13. With respect to defendant Martinez's discovery responses:

a. Courts view the self-collection of data with skepticism. See Markey v. Lapolla Industries, Inc., No. 12 CV 4622, 2015 WL 5027522, at *21 (E.D.N.Y. Aug. 25, 2015) (criticizing process and imposing sanctions where "the attorneys had little to no direct contact with Plaintiffs during the process of gathering the responsive documents"); Northington v. H & M International, No. 08-CV-6297, 2011 WL 663055, at *17 (N.D. Ill. Jan. 12, 2011) (finding defendant at fault where it "never tasked anyone other than the custodians themselves to search their computer hard drives, hard copy documents, or other sources for potentially relevant evidence"); Pension Committee of the University of Montreal Pension Plan v. Banc of America Securities, LLC, 685 F. Supp. 2d 456, 473 (S.D.N.Y. 2010) (finding process ineffective where counsel's "directive places total reliance on the employee to search and select what that employee believed to be responsive records without any supervision from Counsel"), abrogated on other grounds by Chin v. Port Authority of New York & New Jersey, 685 F.3d 185 (2d Cir. 2012). That is particularly so where, as here, the individual asked to collect responsive information is an alleged wrongdoer. As one court has reasoned:

[D]efendant directed just three employees (one of whom was at the center of plaintiff's complaints) to search their own email without help from counsel and to cull from that email what would be relevant documents. It is unreasonable to allow a party's interested employees to make the decision about the relevance of such documents, especially when those same employees have the ability to permanently delete unfavorable email from a party's system. . . . Most non-lawyer employees . . . do not have enough knowledge of the applicable law to correctly recognize which documents are relevant to a lawsuit and which are not. Furthermore, employees are often reluctant to reveal their mistakes or misdeeds.
Jones v. Bremen High School District 228, No. 08 C 3548, 2010 WL 2106640, at *7 (N.D. Ill. May 25, 2010). Counsel shall therefore review defendant Martinez's personal email account and electronic devices and produce any information responsive to plaintiff's discovery requests that has not yet been disclosed.

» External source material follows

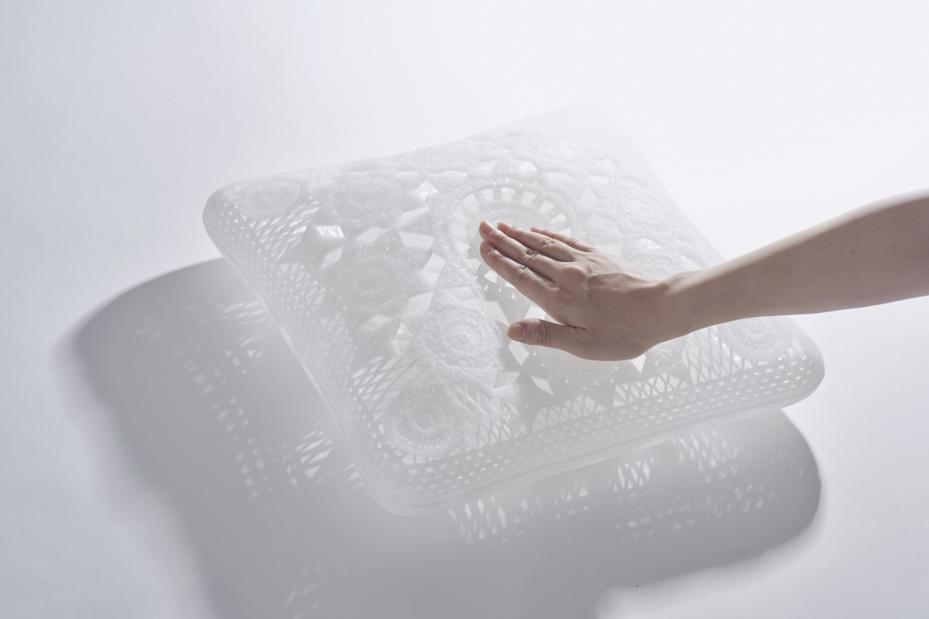 中身は空なのにフカフカ!? 世界初の材料で作られたクッション「LACE」が不思議で美しい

b. Defendant Martinez need not produce information regarding the Revlon lawsuit as it is irrelevant.

c. Defendant Martinez need not produce documents reflecting his opinions about living in Westchester and the Jewish residents there, as this request is overbroad.

d. Defendant Martinez shall produce documents sufficient to show the terms of each of his engagements by WPP following his separation from JWT.

14. Each party shall fully comply with the terms of this Order within 30 days.

SO ORDERED.

/s/_________

JAMES C. FRANCIS IV

UNITED STATES MAGISTRATE JUDGE Dated: New York, New York

October 25, 2017 Copies transmitted this date: Anne C. Vladeck, Esq.
Debra L. Raskin, Esq.
Jeremiah J. Iadevaia, Esq.
Joshua Tarrant-Windt, Esq.
Vladeck, Raskin & Clark, PC
565 Fifth Ave., 9th Floor
New York, NY 10017 Howard J. Rubin, Esq.
Jennifer T. Klausner, Esq.
Judith Kong, Esq.
Sharon S. Cohen, Esq.
Davis & Gilbert LLP
1740 Broadway
New York, NY 10019 Ricki E. Roer, Esq.
Celena R. Mayo, Esq.
Nancy V. Wright, Esq.
Alexandra Manfredi, Esq.
Wilson Elser Moskowitz Edelman & Dicker LLP
150 E. 42nd St.
New York, NY 10017


Summaries of

Johnson v. J. Walter Thompson U.S.A., LLC

UNITED STATES DISTRICT COURT SOUTHERN DISTRICT OF NEW YORK
Oct 25, 2017
16 Civ. 1805 (JPO)(JCF) (S.D.N.Y. Oct. 25, 2017)
Case details for

Johnson v. J. Walter Thompson U.S.A., LLC

Case Details

Full title:ERIN JOHNSON, Plaintiff, v. J. WALTER THOMPSON U.S.A., LLC, J. WALTER…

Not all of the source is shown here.